More than 700,000 undocumented immigrants have applied for the program since it launched in 2012, according to U.S. Citizenship and Immigration Services. DACA offers a two- to three-year work permit, as well as relief from deportation, to immigrants who came to the U.S. as children and meet other criteria. Its effects have been huge.

“The conversation really has changed,” said Mariam Kelly, an immigration staff attorney at Community Legal Services in East Palo Alto, California. “Before DACA I would ask young kids ‘what do you want to be when you grow up’ and they didn’t have an answer for me. Some were really candid and said, ‘I’m not going to do anything, because I don’t have work authorization.’”

Now those same kids talk about being doctors or working in tech or pursuing other dreams, Kelly said. She added it’s because so many undocumented people came out of the shadows in the first place that enough pressure mounted for DACA to happen.

But for every person willing to come forward, many are not. That’s why the government and organizations like Pew Research Center can only estimate how many undocumented immigrants live in the United States: somewhere over 11 million people.

Obama’s recent effort to expand DACA — and to extend the same benefits to undocumented parents with kids who are citizens or permanent residents (a plan known as DAPA) — has been stalled in a Texas federal court since February. Twenty-six states sued the administration, saying Obama had overstepped his constitutional authority.

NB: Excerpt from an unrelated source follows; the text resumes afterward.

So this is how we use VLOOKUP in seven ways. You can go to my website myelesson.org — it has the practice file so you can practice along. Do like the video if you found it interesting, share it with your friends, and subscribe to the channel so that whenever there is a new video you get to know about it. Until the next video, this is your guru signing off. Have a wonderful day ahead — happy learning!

And many fear these temporary solutions could disappear with the next president anyway. DACA and DAPA don’t create a path to permanent legal status — only Congress can authorize that.

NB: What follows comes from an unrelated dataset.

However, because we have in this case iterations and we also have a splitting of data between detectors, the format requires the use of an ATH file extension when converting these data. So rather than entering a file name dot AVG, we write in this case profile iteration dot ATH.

This changing legal landscape has underscored an existing generational divide among immigrants, between kids who grew up here and see coming out as the first step toward change, and their parents, who still live day-to-day in the shadows.

“My parents are definitely afraid of me just being out in the streets and saying, oh, ‘I’m undocumented and unafraid.’ They do think that it is possible for me to be deported,” said Itzel Calvo, a 24-year-old from California and a DACA recipient. “Parents, they don’t have any sort of security, any sort of safety net, and therefore they can actually lose their jobs if they bring this out, and so for them they risk more.”

At Community Legal Services in East Palo, which works with low-income communities on immigration and other issues, Kelly says she advises people who want to come forward to look closely at USCIS’ enforcement memos and to know their rights. “If you read through these and if you don’t believe you’re one of the priorities…then technically you’re not the kind of person that ICE has put as a priority,” she said. But to be safe, she recommends attending community-organization events, like the clinics at Community Legal Services.

For many young people, the benefits of coming out outweigh any risks. “It’s part of the healing process,” said Jonathan Perez, a Los Angeles member of the Immigrant Youth Coalition, a rights group. For a population who have had to live with a tremendous amount of fear and often shame, coming out can be liberating. “This is where you’re in control, and you’re doing it on your own terms.”